More and more Swedes are emigrating, though most don’t stay away for good, they move back or move on. The new trend is that Swedes like to live in several different countries, not just one.

According to Föreningen Svenskar i världen (Sviv – an organization for Swedes living aborad), there are 540 000 so-called “utlandssvenskar” or Swedes living abroad, in the world today, that’s 40 000 more than in 2007.


The country most Swedes migrate to is the US, followed by the country with the greatest Swedish colony Spain, then England and Norway, but Asia is getting popular. “Thailand wasn’t even mentioned in 2007,” says Ewa Hedling, who has worked through Sviv’s material, “and now there are some 10 000 Swedes living there. And China is getting hotter thanks to the booming economy.”

What is it that makes Swedes leave? Certainly not poverty, which was the reason people emigrated in the 19th and early 20th centuries. Rather it is the chance of getting to know new and different cultures and nabbing an exciting job.

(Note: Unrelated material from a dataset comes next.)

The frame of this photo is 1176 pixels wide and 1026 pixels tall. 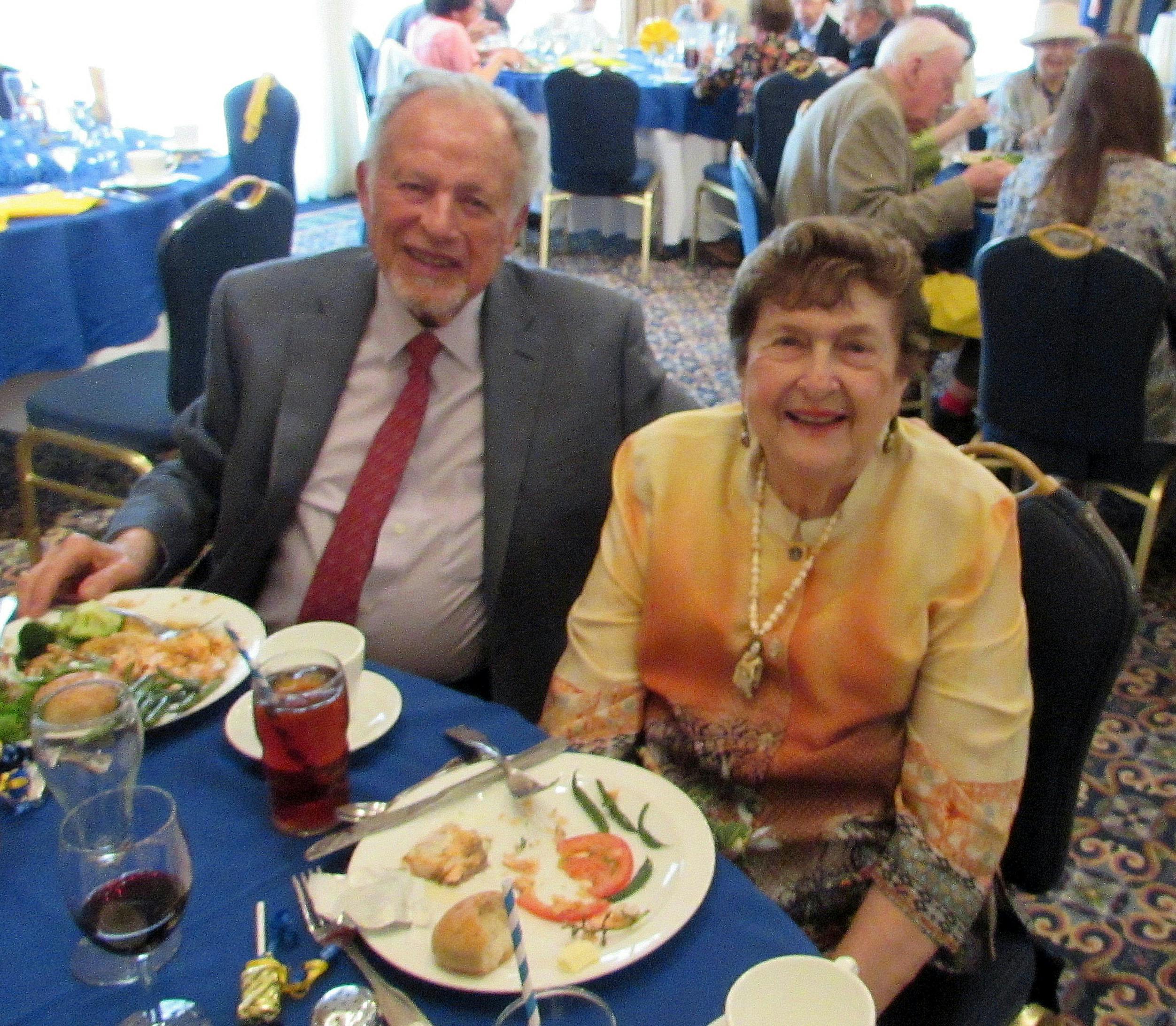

“What’s characteristic among the Swedes who emigrate is that they in general have a great education. But apart from that, they are like anybody else. It’s a misconception that they are after low taxes and living a life in luxury,” Hedling continues. The latest trend is a kind of “circular migration”, with one period spent abroad, followed by another. Unlike the people who stepped on the boat to America a hundred years ago, 75% of the Swedes migrating today eventually return to Sweden.